**Task brief:** What is needed is an exact copy of the records below, with the pictures left out.

══ Input for this task ══

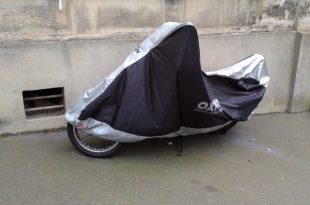 moto scooter bache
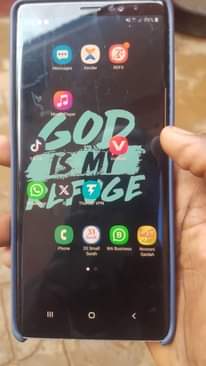 A picture of Note 8 clean but simple dot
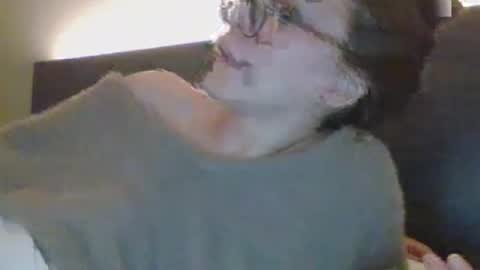 twizzytoxic22 online show from 10, 7, 2026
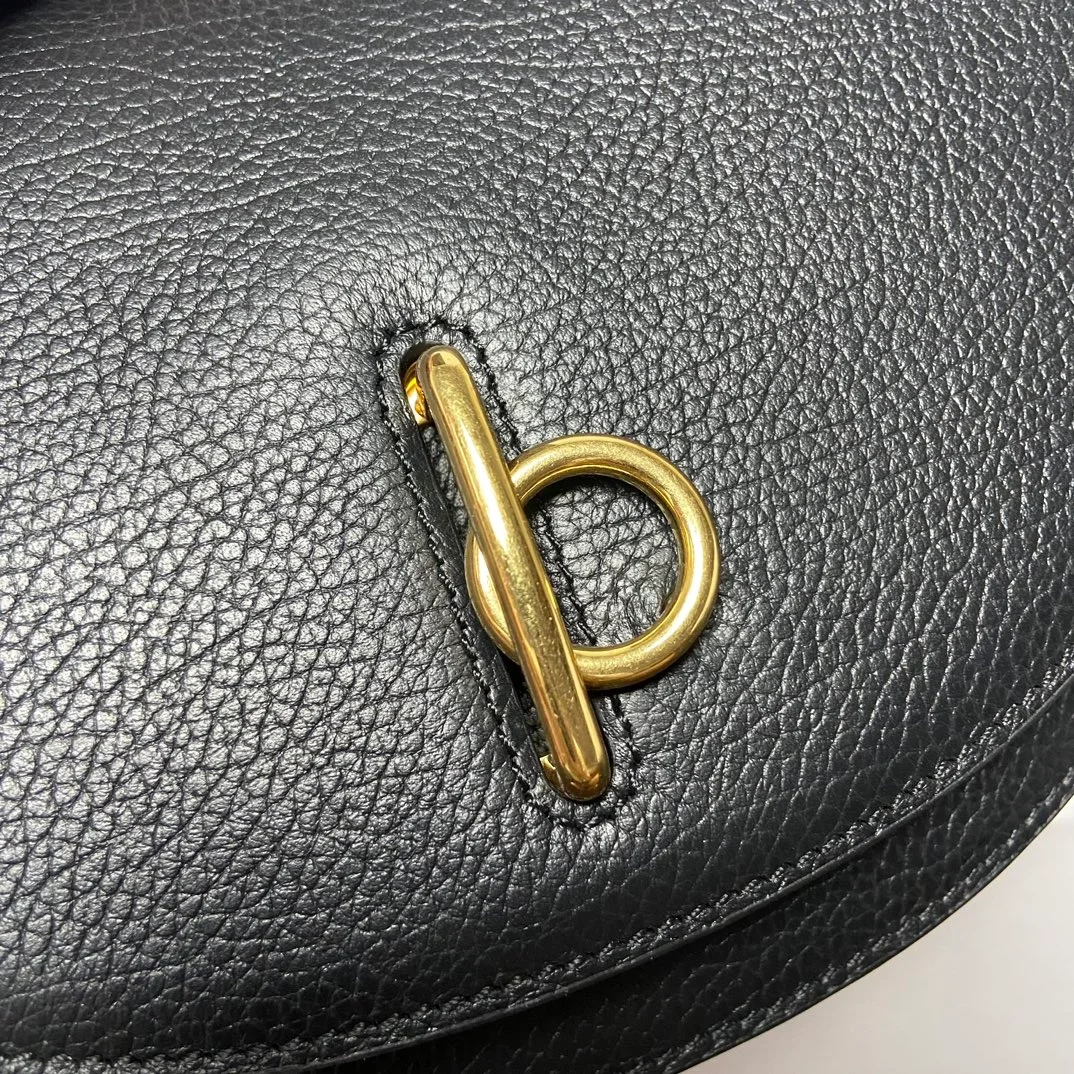 버버리 미니 로킹 홀스백 블랙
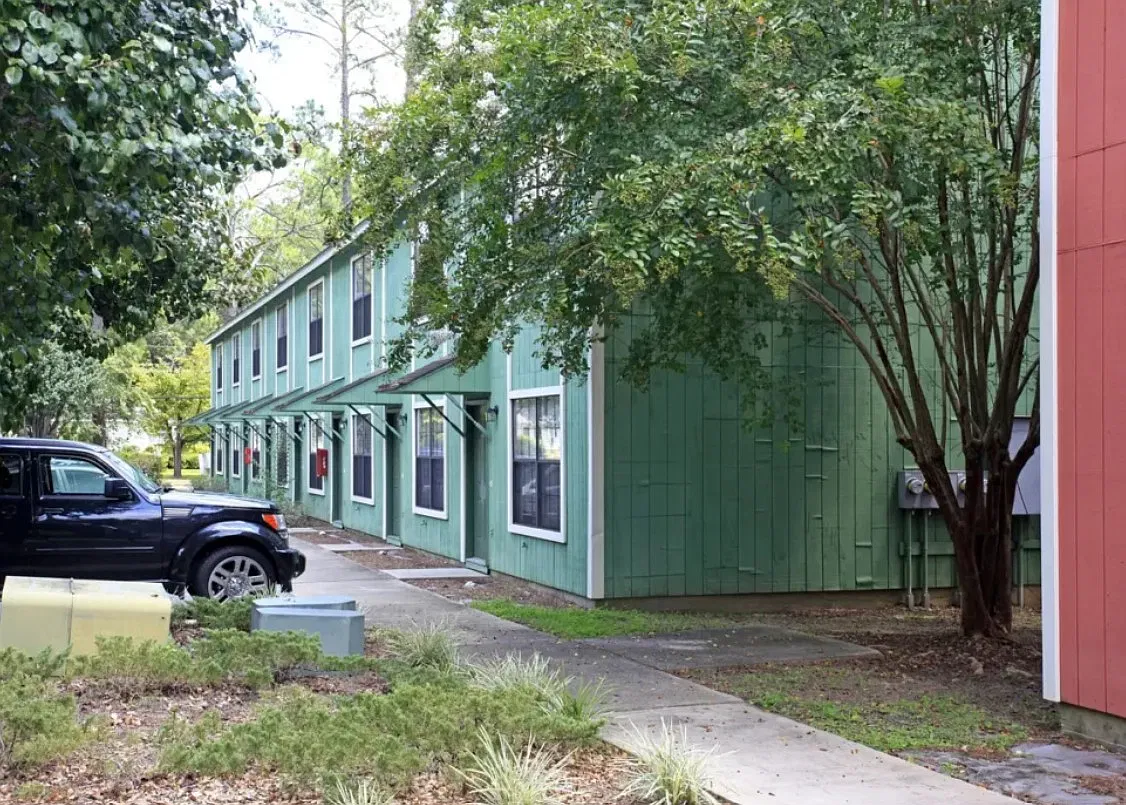 Dior Apartments Stylish 2-Bedroom Living in the Heart of Tallahassee — Photo 1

═══

**Result of this exercise:**
 moto scooter bache
 A picture of Note 8 clean but simple dot
 twizzytoxic22 online show from 10, 7, 2026
 버버리 미니 로킹 홀스백 블랙
 Dior Apartments Stylish 2-Bedroom Living in the Heart of Tallahassee — Photo 1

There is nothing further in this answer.